2.2 Analyzing algorithms

2.2-1

Express the function $n^{3}/1000 + 100n^{2}-100n+3$ in terms of $\Theta$-notation.

$$\Theta(n^{3})$$

2.2-2

Consider sorting $n$ numbers stored in array $A[1:n]$ by first finding the smallest element of $A[1:n]$ and exchanging it with the element in $A[1]$. Then find the smallest element of $A[2:n]$, and exchange it with $A[2]$. Then find the smallest element of $A[3:n]$, and exchange it with $A[3]$. Continue in this manner for the first $n-1$ elements of $A$. Write pseudocode for this algorithm, which is known as selection sort. What loop invariant does this algorithm maintain? Why does it need to run for only the first $n-1$ elements, rather than for all $n$ elements? Give the worst-case running time of selection sort in $\Theta$-notation. Is the best-case running time any better?

\begin{codebox}
    \Procname{$\proc{Selection-Sort}(A, n)$}
    \li \For $i \gets 1$ \To $n-1$ \Do
    \li $min \gets i$
    \li \For $j \gets i+1$ \To $n$ \Do
    \li \If $A[j] < A[min]$ \Then
    \li $min \gets j$
    \End
    \End
    \li \kw{swap} $A[i]$ and $A[min]$
    \End
    \li \Return $A$
\end{codebox}

The loop invariant of this algorithm can be stated as follows: At the start of each iteration of the $\mathbf{for}$ loop of lines 1-6, the subarray $A[1:i-1]$ contains the $i-1$ smallest elements of $A$ and is sorted.
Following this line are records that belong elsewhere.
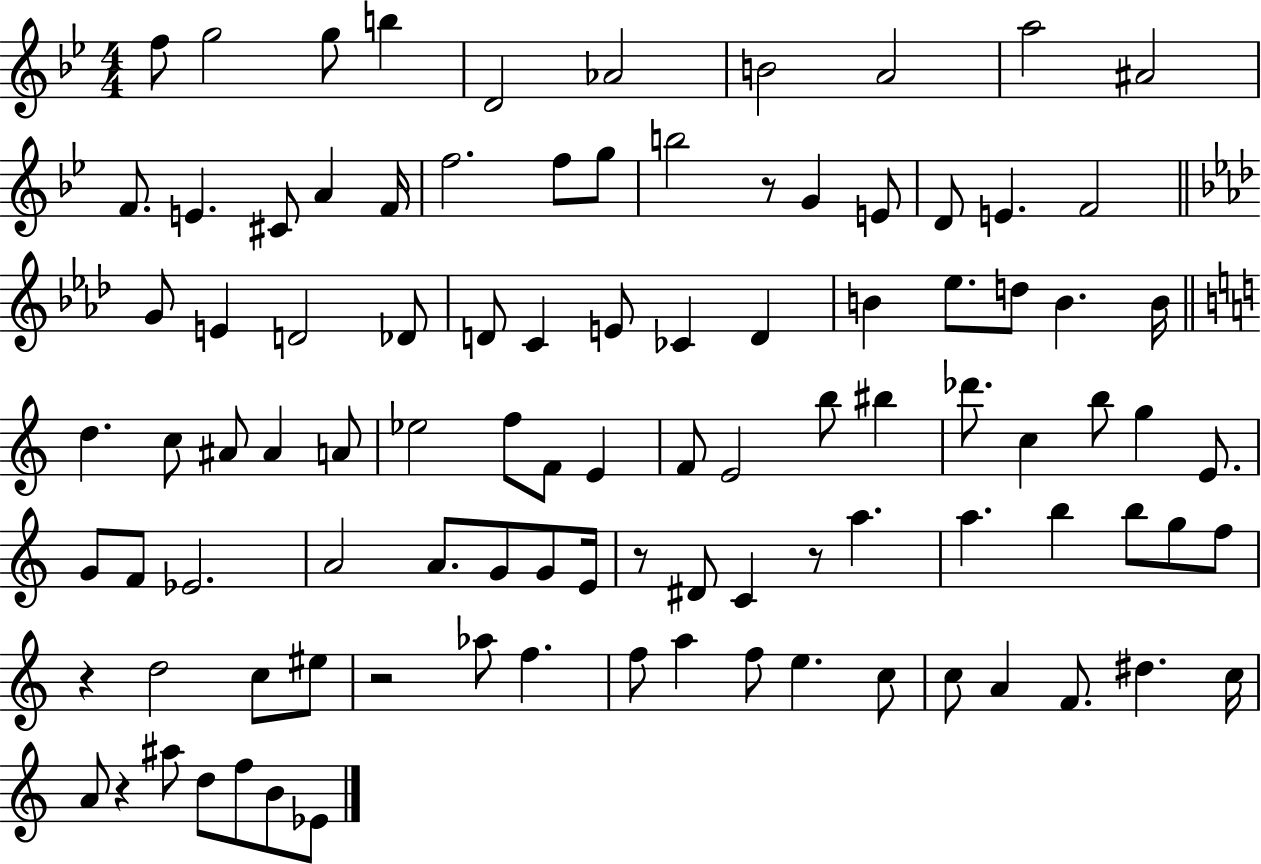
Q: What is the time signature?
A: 4/4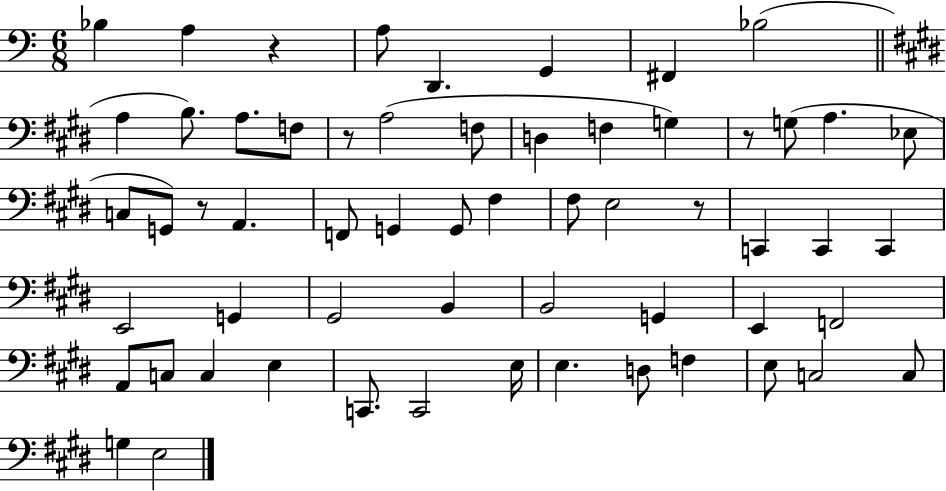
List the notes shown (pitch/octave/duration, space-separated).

Bb3/q A3/q R/q A3/e D2/q. G2/q F#2/q Bb3/h A3/q B3/e. A3/e. F3/e R/e A3/h F3/e D3/q F3/q G3/q R/e G3/e A3/q. Eb3/e C3/e G2/e R/e A2/q. F2/e G2/q G2/e F#3/q F#3/e E3/h R/e C2/q C2/q C2/q E2/h G2/q G#2/h B2/q B2/h G2/q E2/q F2/h A2/e C3/e C3/q E3/q C2/e. C2/h E3/s E3/q. D3/e F3/q E3/e C3/h C3/e G3/q E3/h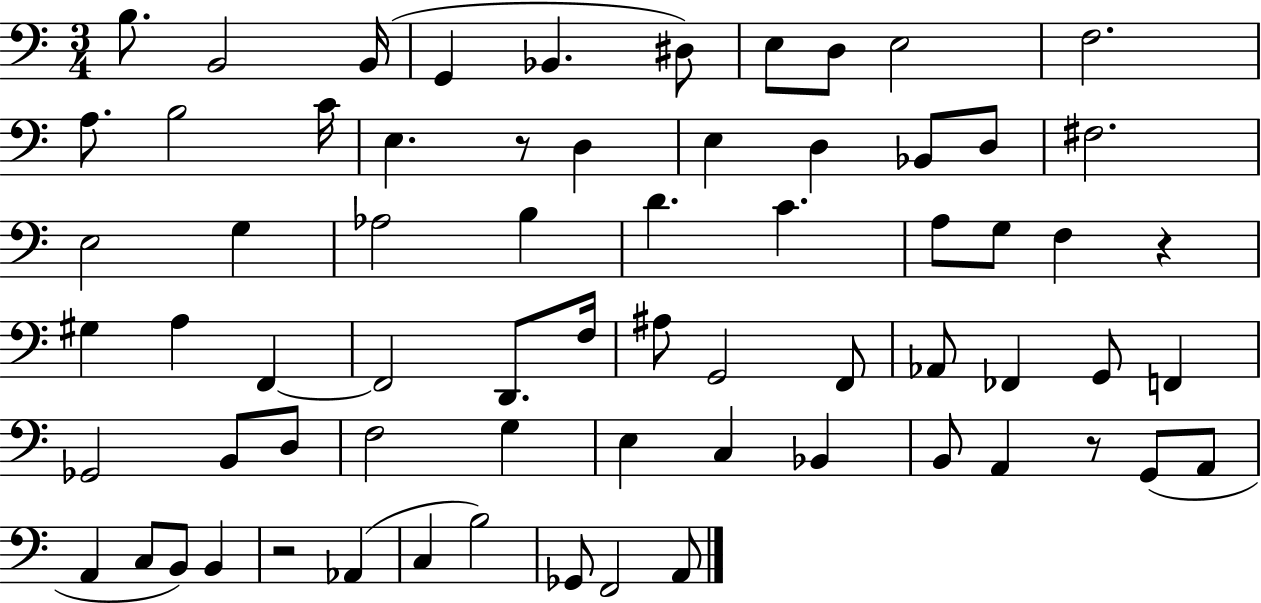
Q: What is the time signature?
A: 3/4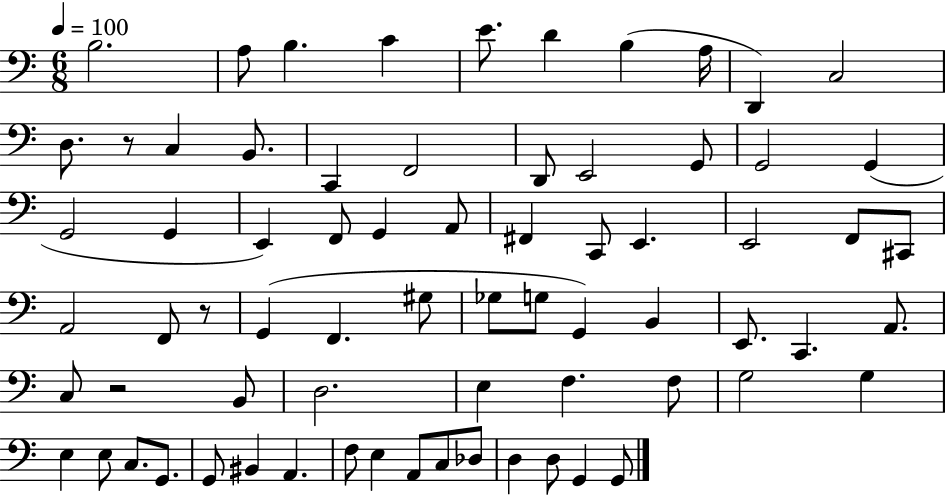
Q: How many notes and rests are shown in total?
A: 71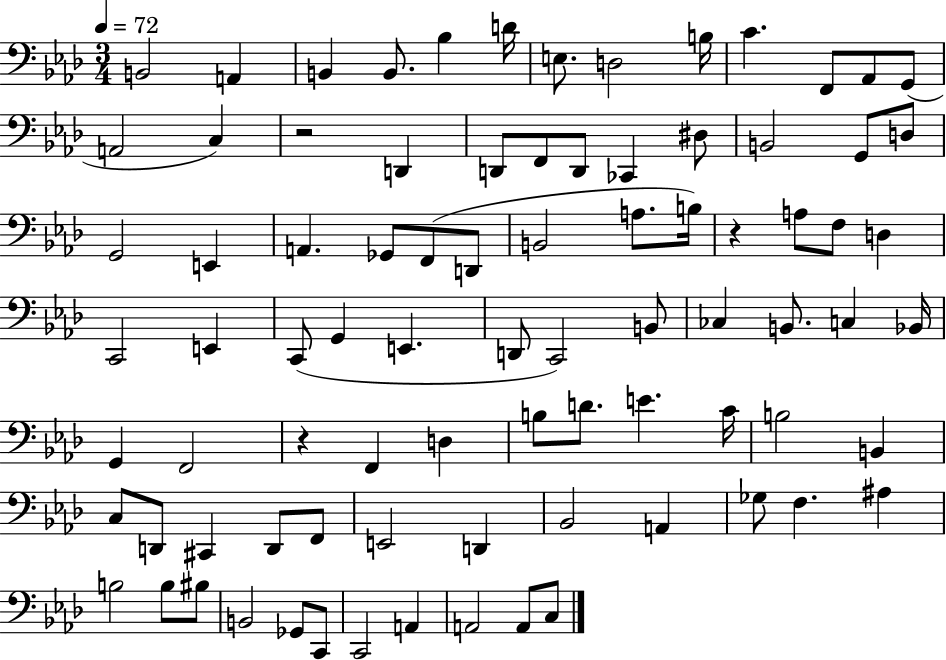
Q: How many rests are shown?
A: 3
Indeed the loop can stop after $n-1$ iterations. Because by the loop invariant, at the end of the $n-1$ iteration, $A[1:i-1]$ is sorted and contains the $n-1$ smallest elements. Then, $A[n]$ must be the greatest element, and it should stay its position. Therefore, the array $A$ can be sorted in $n-1$ iterations.

In the worst case, the $\mathbf{for}$ loop of lines 3-5 needs to check every element in subarray $A[i:n]$ to find the smallest one. Thereby, We can write the running time as follows:

$$\begin{aligned} T(n) &= c_{1}\sum_{i=1}^{n=1}{(n-i)} + c_{2}(n-1) + c_{3} \\ &= c_{1}\frac{{n(n-1)}}{2} + c_{2}(n-1)+c_{3} \\ &= \frac{c_{1}}{2}n^{2}+\left( c_{2}-\frac{c_{1}}{2} \right)n+\left( c_{3}-\frac{c_{1}}{2}-c_{2} \right) \\ &= \Theta(n^{2}) \end{aligned}$$

In the best case, the situation does not change. Because the loop still needs to check every element to find the smallest one, even if it has already appeared. Hence, there is no change in the running time.

2.2-3

Consider linear search again (see Exercise 2.1-4). How many elements of the input array need to be checked on the average, assuming that the element being searched for is equally likely to be any element in the array? How about in the worst case? Using $\Theta$-notation, give the average-case and worst-case running times of linear search. Justify your answers.

First, let’s consider the situation that the element being searched is in the array. In this case, the equal possibility for each position in the array is $\frac{1}{n}$. Then, the expected number of checked elements is:

$$\begin{aligned} \mathbf{E}(in) &= \sum_{i=1}^n{i \frac{1}{n}} \\ &= \frac{n(n+1)}{2n} \\ &= \frac{n+1}2{} \\ &= \frac{1}{2}n+\frac{1}{2} \\ &= \Theta(n) \end{aligned}$$

On the other hand, in the worst case, the element being searched is not in the array. Then all $n=\Theta(n)$ elements in the array must be checked.

Overall, assuming the possibility of the element being searched in the array is $p$, we can write the expected number of checked elements in the average case as follows:

$$\begin{aligned} \mathbf{E}(total) &= p\Theta (n) + (1-p)\Theta(n) \\ &= \Theta(n) \end{aligned}$$

Hence, the linear search will check $\Theta(n)$ elements both in the average case and worst case.

2.2-4

How can you modify any sorting algorithm to have a good best-case running time?

Simple! Just check if the array has been sorted before running any sorting algorithm, which gives us a $\Theta(n)$ running time in the best case.